Your objective: Your answer should consist only of the records, copied exactly, with the images removed.

Source records:
▬▬▬

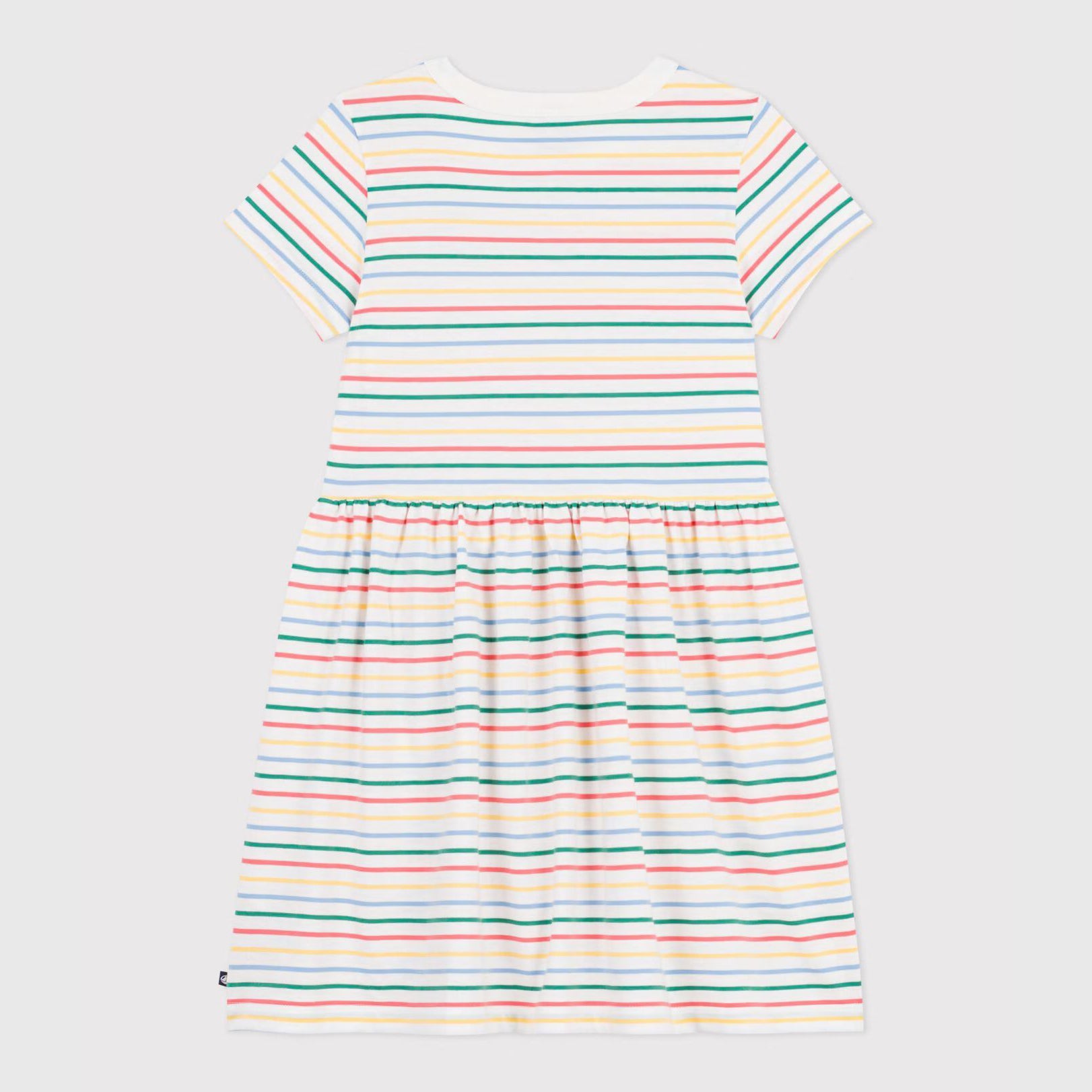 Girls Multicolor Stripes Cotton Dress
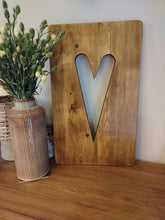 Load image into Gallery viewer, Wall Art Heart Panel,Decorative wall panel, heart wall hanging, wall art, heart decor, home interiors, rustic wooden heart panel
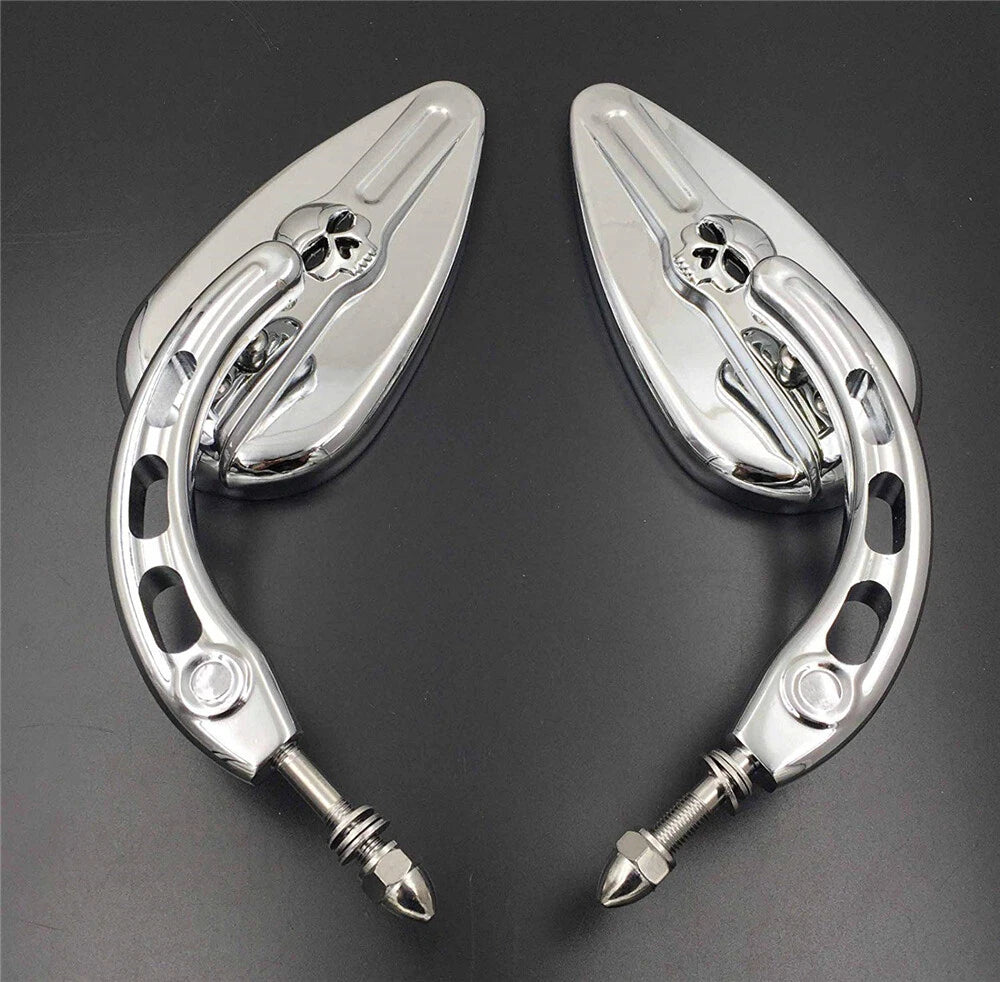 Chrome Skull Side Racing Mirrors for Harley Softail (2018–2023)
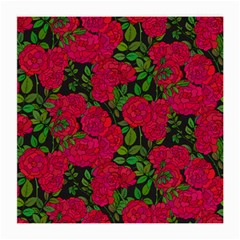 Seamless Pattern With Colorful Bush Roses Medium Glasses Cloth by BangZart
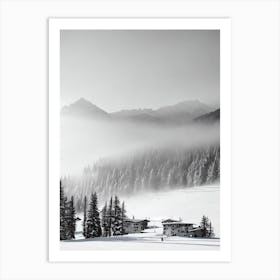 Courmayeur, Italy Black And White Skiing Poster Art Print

▬▬▬

Response:
 Girls Multicolor Stripes Cotton Dress
 Load image into Gallery viewer, Wall Art Heart Panel,Decorative wall panel, heart wall hanging, wall art, heart decor, home interiors, rustic wooden heart panel
 Chrome Skull Side Racing Mirrors for Harley Softail (2018–2023)
 Seamless Pattern With Colorful Bush Roses Medium Glasses Cloth by BangZart
 Courmayeur, Italy Black And White Skiing Poster Art Print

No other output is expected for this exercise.